Learning Data Science: Getting Started

Get Started with Data Science on RYou’ve chosen R as your tool for getting started learning data science and machine learning. If you are coming from a background on the Microsoft technology stack, your decision to choose R was affirmed by the recent announcement that Microsoft acquired Revolution Analytics, a leader in the R world.

Download and install R from CRAN, The Comprehensive R Archive Network. You’ll find installers for Mac, Windows, and Linux. I’ve installed on both Mac and Windows. They are both simple and straightforward.

Next, download and install R Studio. Even if you are a command-line person who thinks that IDEs rot the mind and inhibit true learning of a new language, trust me–you will still be writing R code in a Notepad-like experience and the integrated help, plots, and data views make R Studio a must-have. Just like R, R Studio is a a straightforward instal on Mac or Windows.

While you’re at it, download a copy of Introduction to Statistical Learning with Applications in R and The Elements of Statistical Learning. Two of the best data science books on the R platform are made freely available by the authors in electronic format!

Learning Data Science: Choose a Platform


DS-DecisionTree

One of the first questions I confronted when setting out to learn Data Science was what platform to use. As you begin to look at books and courses you realize that you’ll need a basic platform for working with data. Think of it as an IDE for data manipulation, statistics, and algorithms. For example, if you take Andrew Ng‘s popular Machine Learning course, you’ll be doing the exercises in Octave. If you take the machine learning course on Pluralsight, you be using ENCOG.

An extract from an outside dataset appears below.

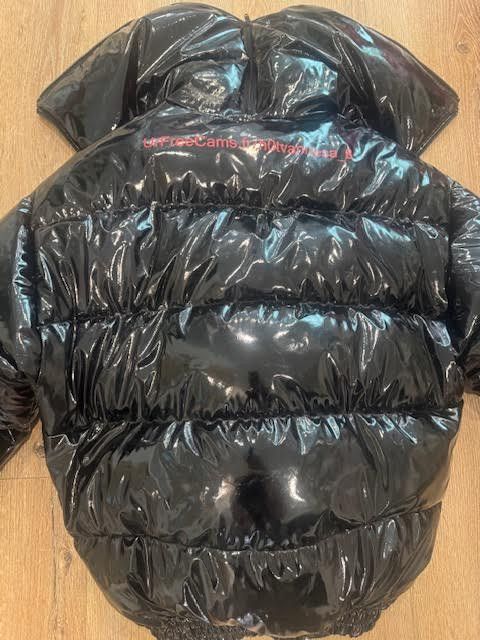 Vetements Vetements AW17 black "Miss Webcam " Puffer Size US M / EU 48-50 / 2 - 5 Thumbnail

Data Scientists Love Them Some Python

Python is the most popular general purpose programming language in the machine learning world. I’m not a Python guy (yet), but you can start at SciPy and go from there.

Why I Chose R

I initially started working through Andrew Ng’s course, but I wasn’t sold on spending a lot of time learning Octave. I had a Data Mining book with all the exercises in Weka, but I wasn’t loving that idea either. I kept hearing about this statistics language called R. After some investigation, I found that the R language is nothing to write home about, but R Studio and the vast collection of available packages make R a great choice.

R Studio has been great to work in. The popular Coursera Data Science specialization is essentially an extended course in R. Azure ML Studio now supports the R language. The list goes on and is growing. The folks at Kaggle show the popularity of tools used by their competitors, with R as the clear winner…

Kaggle Tools

Bottom line… if you have an tool that makes sense for you, then use it. Otherwise, start with R.